Olivia stands in front of her full-length mirror and examines her reflection; lips pressed tightly together, spine stiff with tension. She slides a hand down the front of her thigh and brushes an imagined speck of lint from a pristine pair of black slacks. She avoids considering the hollow depth to her eyes, the one she once thought she had lost.

She tucks a loose strand of hair behind her ear and lets her eyelids drift shut. The last funeral she attended was her father's, six months ago. John had been there with her; had flown back to North Carolina, holding her hand from the moment they boarded the plane. His grip had been a comfort then, a lifeline. She can't remember if he let go the entire trip.

She shakes off the memory and opens her eyes, turning to her dresser and the jewelry box that sits on top of it. She had been informed about the funeral three days ago. In the course of those three days she had firmly decided not to attend, to attend, and then not to attend half a dozen times over. This morning, sitting at her kitchen counter with an untouched cup of coffee in her hand and an unread newspaper laid out across the table, she had changed her mind again.

Officially, Agent John Scott will be given a hero's burial at 3 p.m. Few there, if any, will know the truth. The bureau has his file so tightly sealed that even her classification won't grant her access. Of course, that didn't stop her from getting her hands on it – but she rarely lets anything as flimsy as red tape stop her.

She should have known, she admonishes herself for the hundredth time. But each time she looks back on her memories she still can't decipher the clues. He was good at what he did. Looking at it again, she's not sure what pains her more – the fact that he was a traitor, or the knowledge that she didn't see it. Or that she wasn't looking.

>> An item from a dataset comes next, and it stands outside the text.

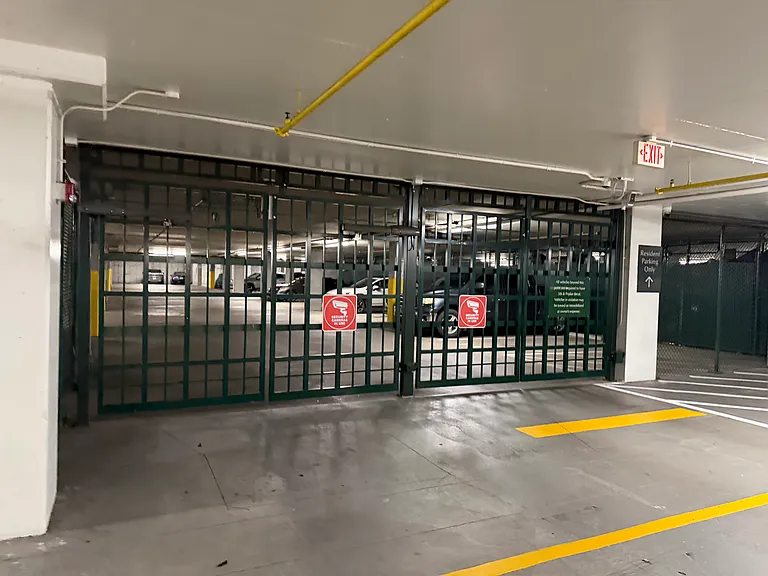 Gate to building parking, assigned spaces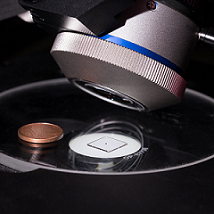 University of Stuttgart researchers used a microscope to acquire tilted-view images of a 600-µm-diameter doublet lens system that was 3D-printed on a 1x1 cm² glass slide. The doublet lens system is visible as the small dot in the center of the glass slide. The coin is included for scale. Courtesy of Moritz Flöss, University of Stuttgart.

She clasps her necklace and reaches for her jacket. Three of her colleagues have already expressed their condolences for her loss – have said they're so sorry with that look in their eyes that tells her that while John may have been able to keep secrets, she had been failing miserably. The fact that she was in love with him had been written across her face.

She wonders what's written across it now.

Her phone rings as she's slipping on her heels and she finds it after the third ring. "Olivia Dunham."

"Hey, Olivia, it's Peter."

She leans against the table and wraps her free arm around herself. "Hi."

"Listen, I'm dying for some sunlight and maybe even food that can't be delivered to a closet. Walter seems to be avoiding both of those things and, in the interest of my sanity, I think I need to avoid Walter for a bit. I was going to head out and thought maybe you'd be interesting in joining me."

She thinks about it; considers finally walking away from John Scott completely. She could move on and move forward, leaving their past and his trail of destruction as distant memory, a faint shadow in her mind. But she knows it can never be just a shadow. It's there, tangible. Her errors, her mistakes, her judgment. She can't walk away from that.

She'll have to walk toward it.

"Actually," she looks at the clock, "there's something I need to do."

"Oh, okay. Well –"

"Peter?" she interrupts. "Do you have a black suit?"

"Yeah, it's in the closet with Walter. Why?"

She grabs her keys and heads toward the door. "I could use some company."